With heavy fighting in the former Taliban stronghold of Marjah now largely reduced to sporadic gunfights, U.S. Marines in the area have turned their focus toward eliminating the insurgents' cash source: opium, Reuters reported.
But instead of eradicating the illicit poppy fields themselves, the Marines have begun piloting a new method over the past week -- paying farmers cash to destroy their own crops.
In February, thousands of U.S. Marines pushed into Marjah, an insurgent enclave in southern Helmand province. Weeks of intense fighting ensued as militants wrestled to hold on to a vital area where for years they had virtual free reign.
What makes Marjah so important is its strategic location. Lying just west of the provincial capital and surrounded by lush farmland crisscrossed by canals that water the opium poppy crop, it has become a hub for the narcotics trade in central Helmand.

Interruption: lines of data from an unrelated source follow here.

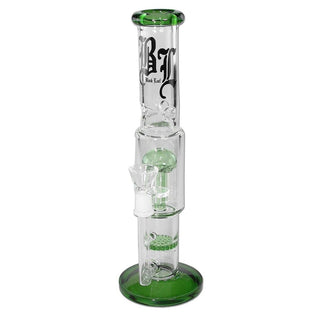 Bong din sticla ‘BLACK LEAF’ HoneyComb 6-Arm | 29cm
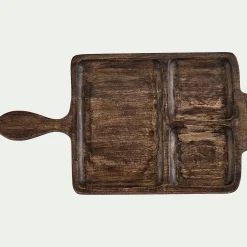 Plateau|Plat De Service Et Saladier*alinea Planche de présentation en bois de manguier L43,5cm - Marron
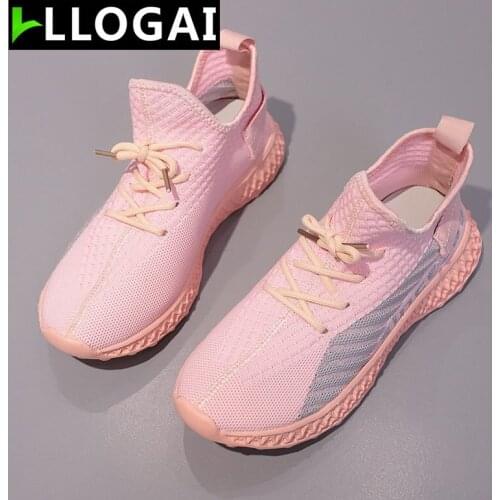 Breathable Mesh Women Running Shoes Women Sneakers Flat Heel Shoes Woman Summer Tenis Candy Colors Casual Sock Shoes Women 2021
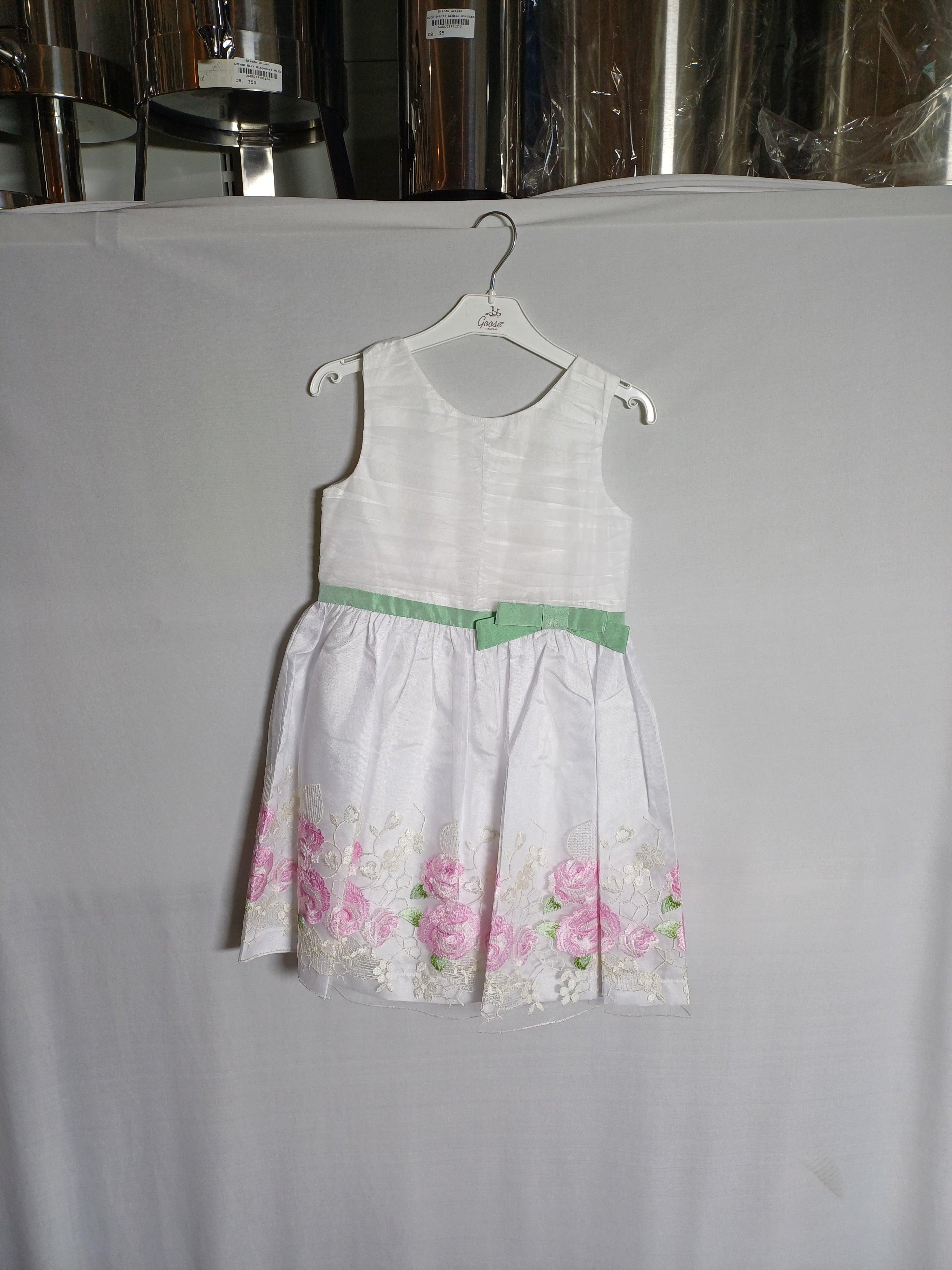 White Pink G16Y60619 Goose Girl Sleeveless Dress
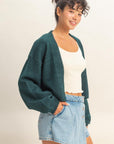 CROPPED OPEN CARDI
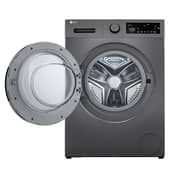 LG 8 Kg Front Load Washing Machine AI DD Allergy Care 1200 RPM Silver- F2T2TYM1S- International Version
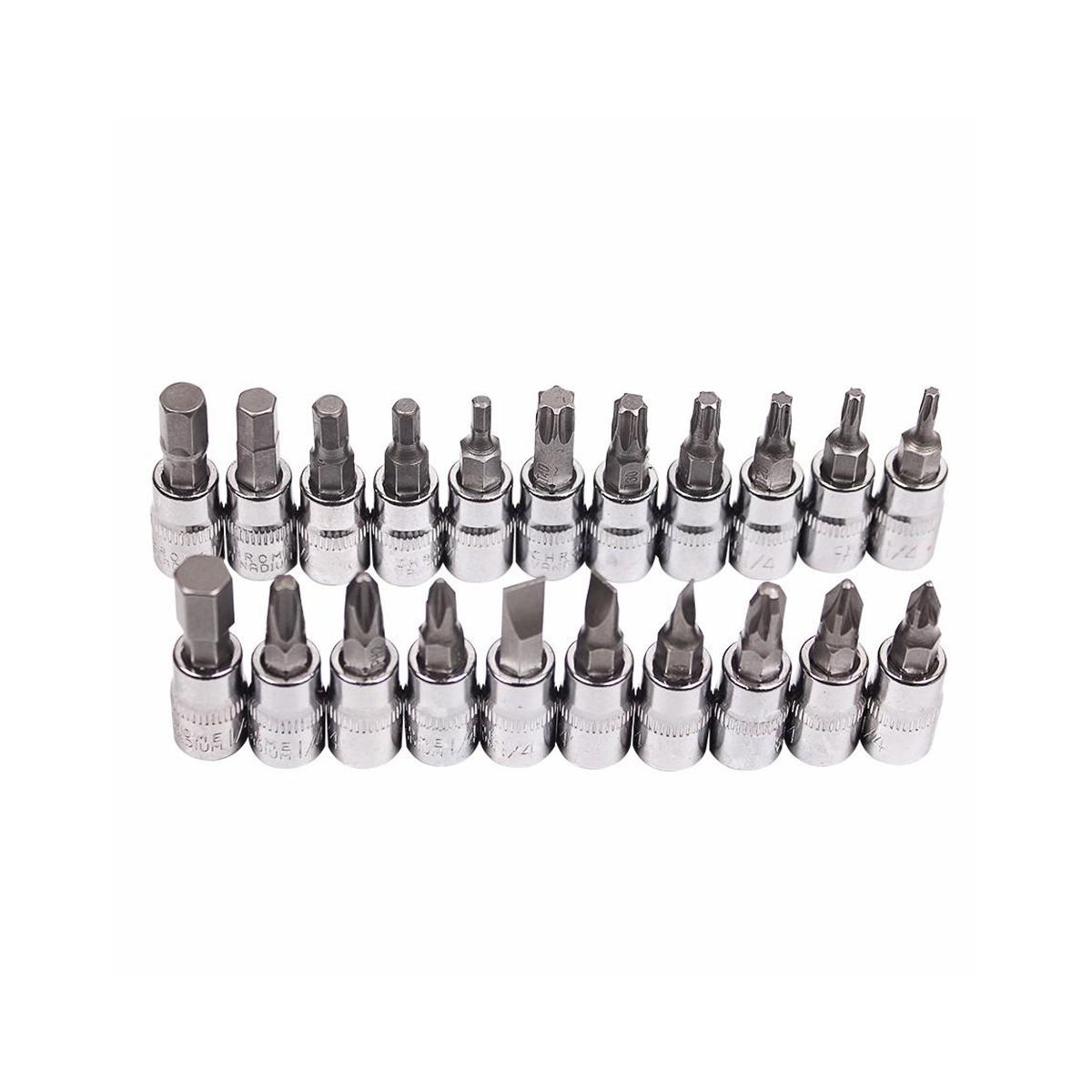 46pcs 1/4' dr Crv Steel Metric Car Repairing Toolbox Socket Rench Tools with Ratchet Handle সেট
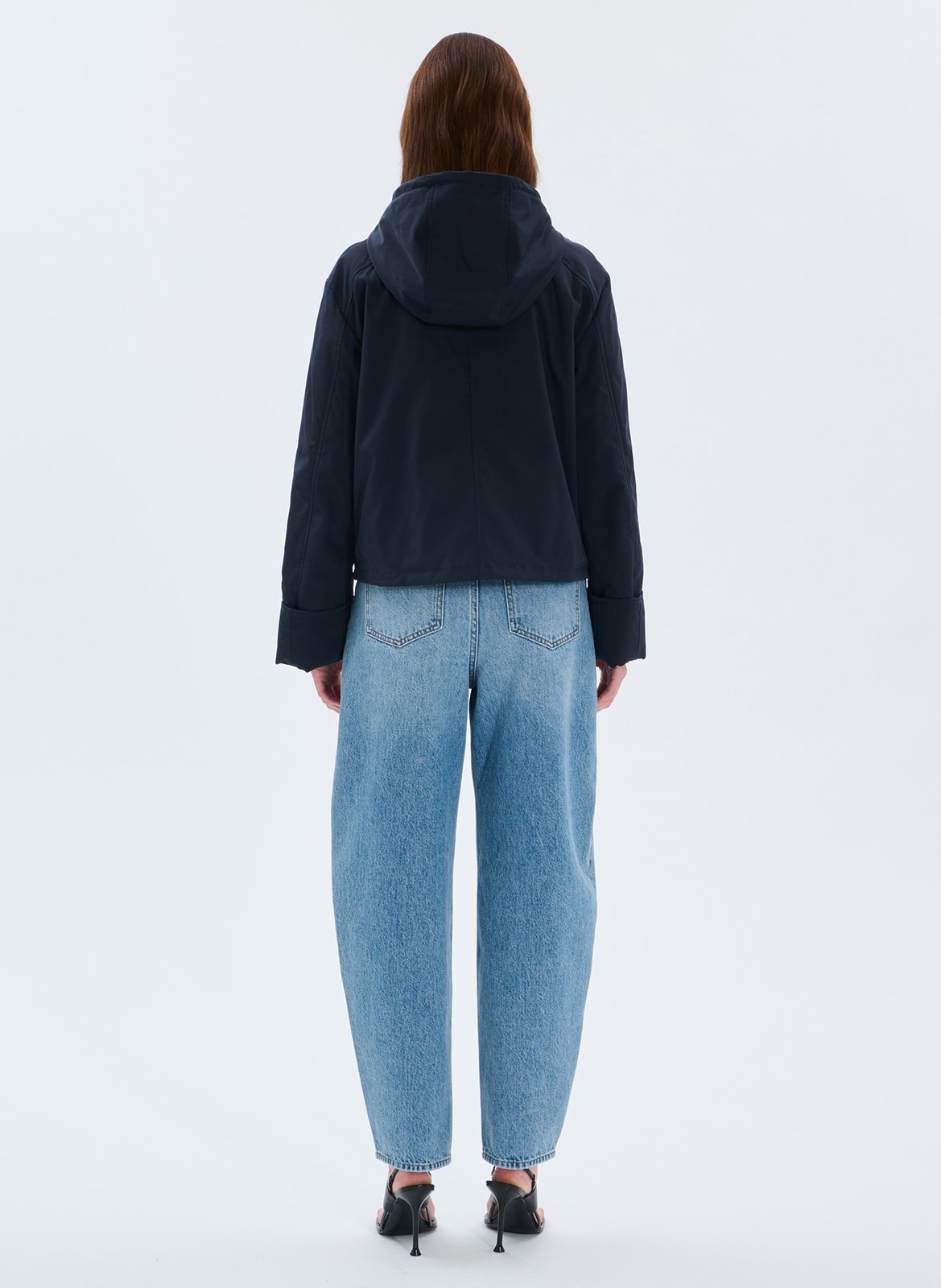 Manteau oversize à capuche ZAPA Bleu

Last year, Afghanistan produced 90 percent of the world's opium, the raw ingredient of heroin, with some 60 percent grown in Helmand alone. The Taliban are said to siphon off hundreds of thousands of dollars each year from the trade of the drug.
Now, with harvest time only a few weeks away and up to 60,000 migrant workers expected to flow into Helmand to work the poppy fields, the Marines have launched a new scheme in Marjah where farmers are paid to plough their own fields under.
"We've come up with this program, it's a completely voluntary program, that's the most important aspect. I'm not going to touch their poppy," said Major Jim Coffman, a Marine civil affairs officer who oversees the new project.
"If they choose to destroy or to clear ... their fields, we will give them $300 (per hectare)," he said.
Under the scheme, started just over a week ago, farmers enroll at one of the Marine outposts and are given a week to plough their fields. Once the empty fields are checked, farmers are paid and given fertilizer and seeds for alternative crops.
"So far it's been a pretty good reaction, a tempered reaction," said Coffman.
"We've seen about eight to ten guys here today. We're over 1,000 jeribs total just for our site here," he said, referring to the traditional unit of land measurement in Afghanistan equal to one fifth of a hectare.